- **YOUR OBJECTIVE**
Your reply should reproduce all the data below exactly while excluding the pictures.

- **GIVEN DATA**
_____

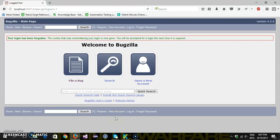Hello everyone! In this video we are going to discuss how you can write custom keywords for common functionality for your application. Assuming that Bugzilla is our application, whatever we want to do with Bugzilla, first we need to login and when we are done with our task we need to logout. So login and logout are the two common functionalities which will be used across automation scripts. Let us develop the custom keywords for these two functionalities.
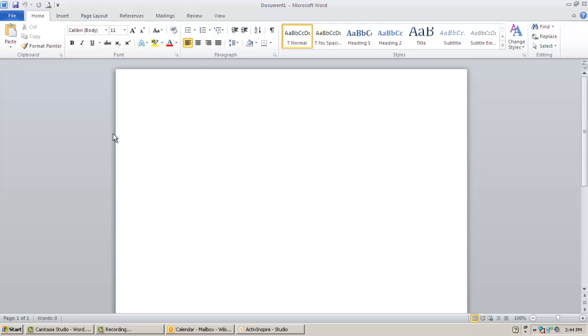And that sums up the major differences in the 2003 to 2010 transition for Microsoft Word. If you do have other questions, please look at the other links located on this webpage, as well as other links on this site for more information.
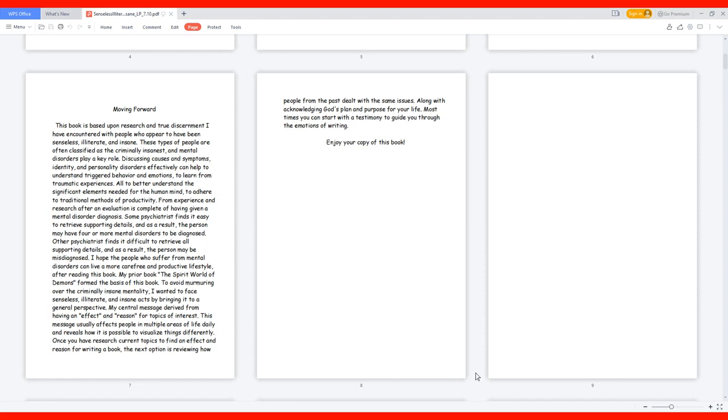I hope the people who suffer from mental disorders can live a more carefree and productive lifestyle after reading this book.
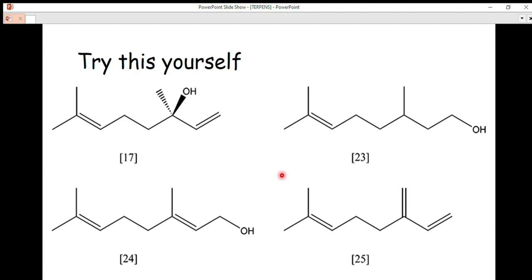Every terpene molecule contains isoprene units — there is no terpene without an isoprene unit. This concludes today's lecture on terpenes. In the next video, we will cover steroids. If you haven't watched the previous lecture on lipids, the link will be in the description. Please leave a comment if you have any difficulties, like and share this video, and subscribe to the channel so you get notified of new uploads. Thank you for watching — have a nice day.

_____

- **EXERCISE OUTPUT**
Hello everyone! In this video we are going to discuss how you can write custom keywords for common functionality for your application. Assuming that Bugzilla is our application, whatever we want to do with Bugzilla, first we need to login and when we are done with our task we need to logout. So login and logout are the two common functionalities which will be used across automation scripts. Let us develop the custom keywords for these two functionalities.
And that sums up the major differences in the 2003 to 2010 transition for Microsoft Word. If you do have other questions, please look at the other links located on this webpage, as well as other links on this site for more information.
I hope the people who suffer from mental disorders can live a more carefree and productive lifestyle after reading this book.
Every terpene molecule contains isoprene units — there is no terpene without an isoprene unit. This concludes today's lecture on terpenes. In the next video, we will cover steroids. If you haven't watched the previous lecture on lipids, the link will be in the description. Please leave a comment if you have any difficulties, like and share this video, and subscribe to the channel so you get notified of new uploads. Thank you for watching — have a nice day.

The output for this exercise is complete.